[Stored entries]

+++++

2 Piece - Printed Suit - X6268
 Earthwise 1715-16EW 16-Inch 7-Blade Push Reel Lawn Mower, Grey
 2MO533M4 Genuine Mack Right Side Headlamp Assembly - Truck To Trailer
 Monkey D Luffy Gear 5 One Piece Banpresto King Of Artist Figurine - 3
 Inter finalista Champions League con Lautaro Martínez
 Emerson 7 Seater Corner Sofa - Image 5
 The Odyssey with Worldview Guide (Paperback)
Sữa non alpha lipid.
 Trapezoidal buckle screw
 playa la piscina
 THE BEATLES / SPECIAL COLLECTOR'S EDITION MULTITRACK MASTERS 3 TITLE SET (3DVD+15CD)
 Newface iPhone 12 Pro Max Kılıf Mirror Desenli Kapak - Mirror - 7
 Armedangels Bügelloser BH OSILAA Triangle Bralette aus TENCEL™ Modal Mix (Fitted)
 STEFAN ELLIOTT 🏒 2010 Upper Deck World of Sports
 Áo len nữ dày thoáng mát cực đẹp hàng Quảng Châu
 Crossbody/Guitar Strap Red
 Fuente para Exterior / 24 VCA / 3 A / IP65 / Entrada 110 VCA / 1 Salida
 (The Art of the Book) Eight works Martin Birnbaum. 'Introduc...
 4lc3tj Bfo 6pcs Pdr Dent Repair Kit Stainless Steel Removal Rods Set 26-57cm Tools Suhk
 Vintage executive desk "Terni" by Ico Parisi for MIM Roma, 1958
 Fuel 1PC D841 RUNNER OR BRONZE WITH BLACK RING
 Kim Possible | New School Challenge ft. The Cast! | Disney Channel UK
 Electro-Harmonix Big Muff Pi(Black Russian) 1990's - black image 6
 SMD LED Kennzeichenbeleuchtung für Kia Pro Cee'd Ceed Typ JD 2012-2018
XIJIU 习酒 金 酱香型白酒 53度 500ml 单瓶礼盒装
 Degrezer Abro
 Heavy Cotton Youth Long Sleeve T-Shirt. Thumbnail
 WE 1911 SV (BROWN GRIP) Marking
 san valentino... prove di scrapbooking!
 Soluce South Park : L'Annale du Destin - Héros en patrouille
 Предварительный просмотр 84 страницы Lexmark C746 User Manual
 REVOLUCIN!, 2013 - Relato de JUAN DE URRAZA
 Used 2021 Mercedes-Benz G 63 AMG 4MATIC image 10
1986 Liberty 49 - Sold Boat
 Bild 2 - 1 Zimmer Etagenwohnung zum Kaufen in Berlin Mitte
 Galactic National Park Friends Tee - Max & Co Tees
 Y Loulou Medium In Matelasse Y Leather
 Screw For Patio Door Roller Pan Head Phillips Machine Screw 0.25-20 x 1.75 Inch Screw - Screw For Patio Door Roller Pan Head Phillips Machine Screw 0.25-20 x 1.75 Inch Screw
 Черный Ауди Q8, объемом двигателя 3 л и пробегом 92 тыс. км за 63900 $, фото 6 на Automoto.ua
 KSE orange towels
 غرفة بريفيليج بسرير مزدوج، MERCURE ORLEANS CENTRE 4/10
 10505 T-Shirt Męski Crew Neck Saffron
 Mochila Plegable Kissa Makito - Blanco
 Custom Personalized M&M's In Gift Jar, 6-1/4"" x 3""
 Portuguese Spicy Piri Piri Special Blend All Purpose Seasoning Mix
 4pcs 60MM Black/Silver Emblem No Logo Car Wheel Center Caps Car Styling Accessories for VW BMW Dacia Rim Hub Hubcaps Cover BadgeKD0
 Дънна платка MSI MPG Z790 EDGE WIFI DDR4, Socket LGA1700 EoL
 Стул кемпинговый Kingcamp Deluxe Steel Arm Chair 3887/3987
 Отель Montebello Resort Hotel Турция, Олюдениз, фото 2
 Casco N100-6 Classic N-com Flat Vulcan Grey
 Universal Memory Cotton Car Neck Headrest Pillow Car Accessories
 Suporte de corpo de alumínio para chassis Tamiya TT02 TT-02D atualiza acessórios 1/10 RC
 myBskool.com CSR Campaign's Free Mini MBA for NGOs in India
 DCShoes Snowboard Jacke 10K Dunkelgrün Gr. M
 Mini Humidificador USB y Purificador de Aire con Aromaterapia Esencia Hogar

+++++

Assignment » Copy word for word the stretch of entries above from the line that has "Electro-Harmonix Big Muff" through the line that has "Предварительный просмотр 84", both ends included, and nothing outside it.

Task response »
 Electro-Harmonix Big Muff Pi(Black Russian) 1990's - black image 6
 SMD LED Kennzeichenbeleuchtung für Kia Pro Cee'd Ceed Typ JD 2012-2018
XIJIU 习酒 金 酱香型白酒 53度 500ml 单瓶礼盒装
 Degrezer Abro
 Heavy Cotton Youth Long Sleeve T-Shirt. Thumbnail
 WE 1911 SV (BROWN GRIP) Marking
 san valentino... prove di scrapbooking!
 Soluce South Park : L'Annale du Destin - Héros en patrouille
 Предварительный просмотр 84 страницы Lexmark C746 User Manual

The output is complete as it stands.